L’organisme tenait en juin la cinquième édition de sa grand-messe triennale. Châtelaine y a passé la semaine. Au menu: tables rondes, conférences, causeries, échanges. De ce foisonnement d’idées, nous avons dégagé trois vastes chantiers à entreprendre — ou à terminer — au plus vite. Les voici.

Au pays, une femme doit travailler 15,5 mois pour égaler ce qu’un homme gagne en 12 mois, selon la Coalition ontarienne pour l’équité salariale. (Photo: Getty Images/Hero Images)

1) Obtenir l’équité sur le marché du travail

Plus de deux siècles. Au rythme actuel, c’est le temps qu’il faudra pour que les femmes atteignent l’équité salariale avec leurs collègues masculins, d’après le Forum économique mondial. Ça nous mène en 2219… On veut bien être patientes, mais il y a des limites!

Quant aux autres inégalités entre hommes et femmes sur le marché du travail (postes mieux rémunérés aux premiers, temps partiel aux secondes…), le constat est un peu moins catastrophique, même s’il est loin d’être reluisant: il faudra près de 110 ans avant qu’elles soient enrayées.

« Le talent est réparti également, ce sont les opportunités qui ne le sont pas. Mais ça s’en vient », a affirmé Suzanne Biegel, femme d’affaires et spécialiste britanno-américaine de l’investissement sexospécifique, c’est-à-dire fait dans un objectif d’atteinte de l’égalité des sexes.

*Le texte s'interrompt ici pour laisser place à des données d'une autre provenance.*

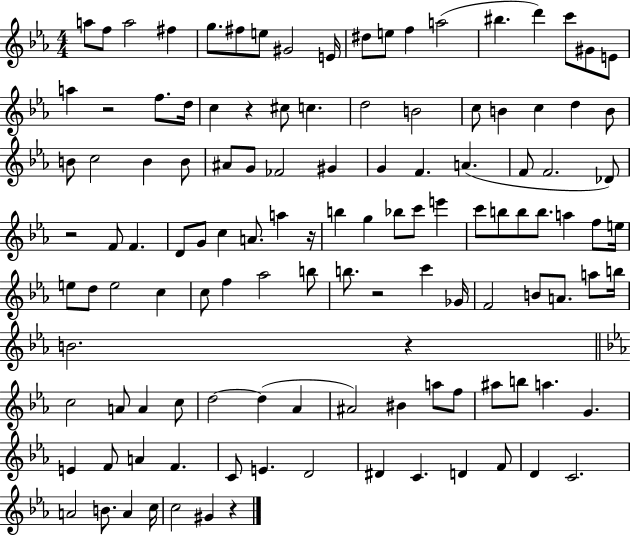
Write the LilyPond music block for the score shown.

{
  \clef treble
  \numericTimeSignature
  \time 4/4
  \key ees \major
  \repeat volta 2 { a''8 f''8 a''2 fis''4 | g''8. fis''8 e''8 gis'2 e'16 | dis''8 e''8 f''4 a''2( | bis''4. d'''4) c'''8 gis'8 e'8 | \break a''4 r2 f''8. d''16 | c''4 r4 cis''8 c''4. | d''2 b'2 | c''8 b'4 c''4 d''4 b'8 | \break b'8 c''2 b'4 b'8 | ais'8 g'8 fes'2 gis'4 | g'4 f'4. a'4.( | f'8 f'2. des'8) | \break r2 f'8 f'4. | d'8 g'8 c''4 a'8. a''4 r16 | b''4 g''4 bes''8 c'''8 e'''4 | c'''8 b''8 b''8 b''8. a''4 f''8 e''16 | \break e''8 d''8 e''2 c''4 | c''8 f''4 aes''2 b''8 | b''8. r2 c'''4 ges'16 | f'2 b'8 a'8. a''8 b''16 | \break b'2. r4 | \bar "||" \break \key ees \major c''2 a'8 a'4 c''8 | d''2~~ d''4( aes'4 | ais'2) bis'4 a''8 f''8 | ais''8 b''8 a''4. g'4. | \break e'4 f'8 a'4 f'4. | c'8 e'4. d'2 | dis'4 c'4. d'4 f'8 | d'4 c'2. | \break a'2 b'8. a'4 c''16 | c''2 gis'4 r4 | } \bar "|."
}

Selon elle, des préjugés conscients et inconscients défavorisent les femmes au bureau, à l’usine et dans l’entrepreneuriat. « Alors que c’est prouvé qu’elles sont de meilleures gestionnaires que les hommes! » s’est-elle exclamée, sous les applaudissements nourris de la foule venue l’entendre.

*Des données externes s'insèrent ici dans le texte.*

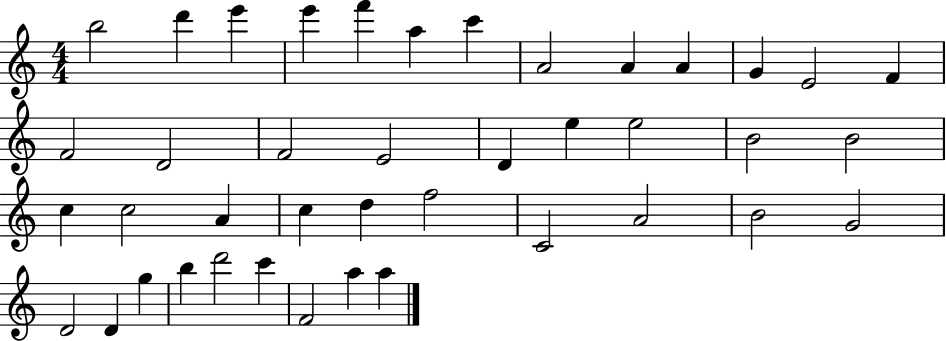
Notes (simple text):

B5/h D6/q E6/q E6/q F6/q A5/q C6/q A4/h A4/q A4/q G4/q E4/h F4/q F4/h D4/h F4/h E4/h D4/q E5/q E5/h B4/h B4/h C5/q C5/h A4/q C5/q D5/q F5/h C4/h A4/h B4/h G4/h D4/h D4/q G5/q B5/q D6/h C6/q F4/h A5/q A5/q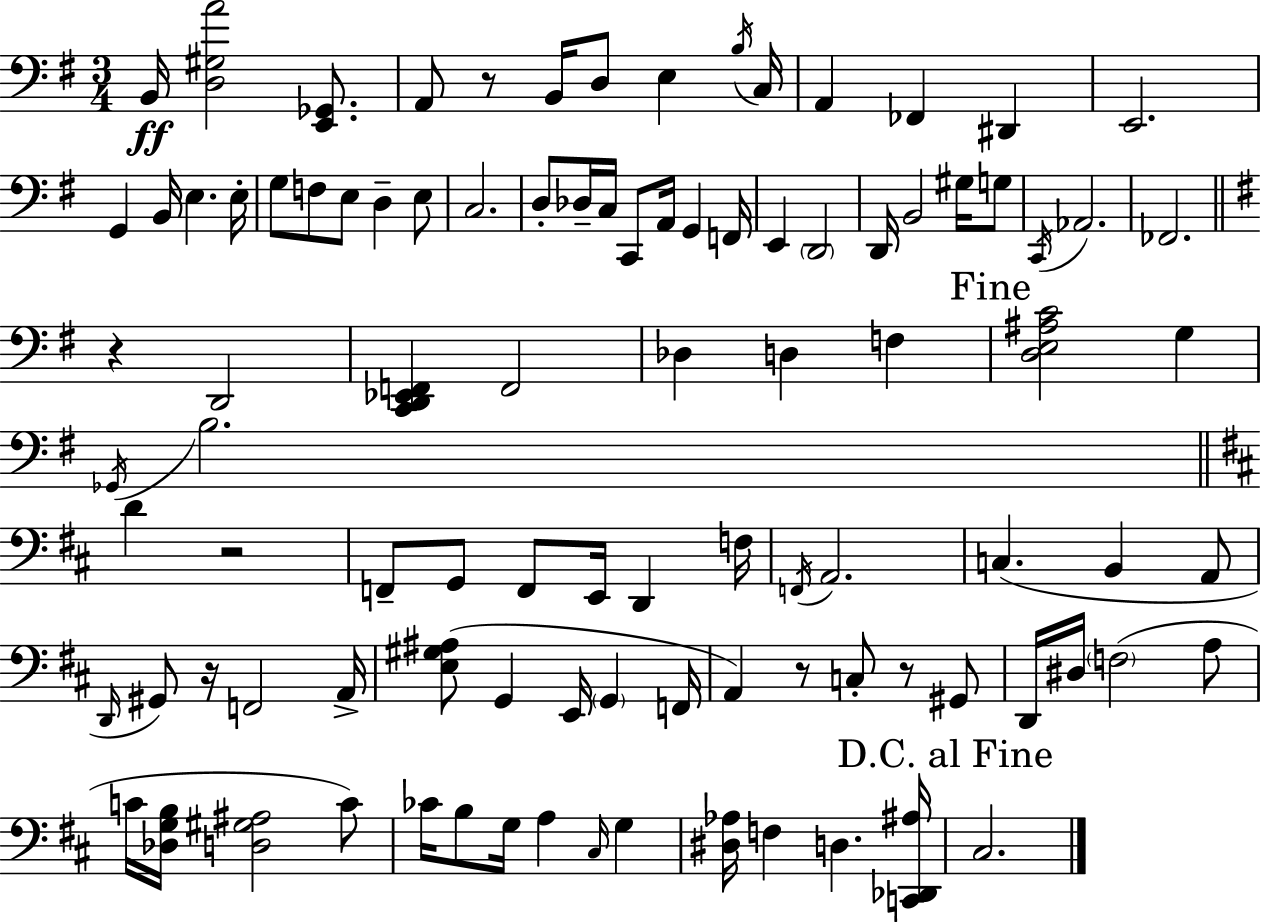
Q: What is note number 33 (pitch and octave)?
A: G#3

Peu de progrès ont été réalisés jusqu’ici, selon un rapport récent du McKinsey Global Institute (MGI). Et négliger une contribution féminine accrue dans l’économie mondiale a un impact déplorable. « Réduire le fossé entre les genres permettrait d’y ajouter 1 200 milliards de dollars en 2025 », a déclaré Vivian Hunt, associée et directrice de McKinsey & Company au Royaume-Uni et en Irlande.

Une nouvelle menace plane: l’arrivée de l’intelligence artificielle pourrait nuire aux femmes, qui sont davantage exposées à la précarité que les hommes au travail. D’ici 2030, jusqu’à une travailleuse sur quatre dans le monde devra changer de boulot en raison de l’automatisation. « Les femmes disposent souvent de peu de temps pour se recycler ou chercher un emploi […] et ont moins accès aux postes dans les domaines des sciences, de la technologie, de l’ingénierie et des mathématiques que les hommes », écrivent les auteurs du rapport.

Ils en appellent aux gouvernements et aux entreprises pour aider les travailleuses à faire face à cette transition.

Selon eux, il faut sans délai investir dans la formation, dans l’offre de services de garde et de transport abordables, dans l’entrepreneuriat féminin, pour ne nommer que ces exemples.

Aux États-Unis, les femmes qui se rendent à une clinique d’avortement doivent être escortées par des bénévoles en raison de la présence des manifestants pro-vie, qui se font très provocateurs. (Photo: Getty Images/Brendan Smialowski)

2) Assurer à toutes l’accès à l’avortement

Un enjeu, l’avortement? En 2019? Oui, et pour un nombre inimaginable de femmes sur la planète!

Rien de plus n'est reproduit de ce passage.